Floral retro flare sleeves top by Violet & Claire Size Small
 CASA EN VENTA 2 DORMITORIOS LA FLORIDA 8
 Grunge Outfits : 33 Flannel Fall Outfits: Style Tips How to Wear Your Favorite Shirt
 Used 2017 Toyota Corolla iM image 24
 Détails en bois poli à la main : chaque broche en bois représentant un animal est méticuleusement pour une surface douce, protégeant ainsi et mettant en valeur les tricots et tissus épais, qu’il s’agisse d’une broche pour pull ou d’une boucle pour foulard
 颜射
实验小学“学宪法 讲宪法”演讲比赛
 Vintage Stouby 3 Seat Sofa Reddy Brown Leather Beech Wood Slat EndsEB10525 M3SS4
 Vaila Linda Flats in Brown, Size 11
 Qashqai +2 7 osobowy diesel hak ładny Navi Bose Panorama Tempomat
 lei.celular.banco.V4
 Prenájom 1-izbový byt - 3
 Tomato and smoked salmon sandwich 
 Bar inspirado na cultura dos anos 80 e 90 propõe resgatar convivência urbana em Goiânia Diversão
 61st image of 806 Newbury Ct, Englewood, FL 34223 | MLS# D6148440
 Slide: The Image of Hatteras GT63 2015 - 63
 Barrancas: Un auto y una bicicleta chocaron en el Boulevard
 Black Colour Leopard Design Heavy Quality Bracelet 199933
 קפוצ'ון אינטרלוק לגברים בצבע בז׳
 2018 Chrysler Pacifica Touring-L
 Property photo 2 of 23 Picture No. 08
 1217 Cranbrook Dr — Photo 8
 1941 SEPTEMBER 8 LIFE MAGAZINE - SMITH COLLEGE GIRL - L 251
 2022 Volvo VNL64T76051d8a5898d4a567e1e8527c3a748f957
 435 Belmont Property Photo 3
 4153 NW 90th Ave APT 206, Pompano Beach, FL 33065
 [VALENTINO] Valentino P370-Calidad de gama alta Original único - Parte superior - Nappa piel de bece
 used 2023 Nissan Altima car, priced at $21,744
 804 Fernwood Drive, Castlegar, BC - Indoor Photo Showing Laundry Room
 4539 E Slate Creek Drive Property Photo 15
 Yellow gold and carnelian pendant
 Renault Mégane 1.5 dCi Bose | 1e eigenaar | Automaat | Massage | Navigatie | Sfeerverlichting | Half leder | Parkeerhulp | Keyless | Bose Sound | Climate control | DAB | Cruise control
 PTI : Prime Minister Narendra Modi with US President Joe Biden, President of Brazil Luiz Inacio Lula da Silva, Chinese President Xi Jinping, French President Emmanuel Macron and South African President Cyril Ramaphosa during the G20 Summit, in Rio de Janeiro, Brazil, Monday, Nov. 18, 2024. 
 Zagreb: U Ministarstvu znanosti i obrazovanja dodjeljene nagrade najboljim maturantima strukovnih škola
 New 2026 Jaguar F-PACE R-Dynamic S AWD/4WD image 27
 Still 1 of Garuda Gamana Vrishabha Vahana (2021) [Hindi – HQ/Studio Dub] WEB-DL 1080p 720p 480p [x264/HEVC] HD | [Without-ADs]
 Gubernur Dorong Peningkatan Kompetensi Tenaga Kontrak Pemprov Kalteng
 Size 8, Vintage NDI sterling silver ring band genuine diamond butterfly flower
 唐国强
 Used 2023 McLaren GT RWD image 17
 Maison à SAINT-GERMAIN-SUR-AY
------------------------------------------------
To do — Each line of the data above that contains "Brown" counts once; report the total alone.

Completed exercise — 2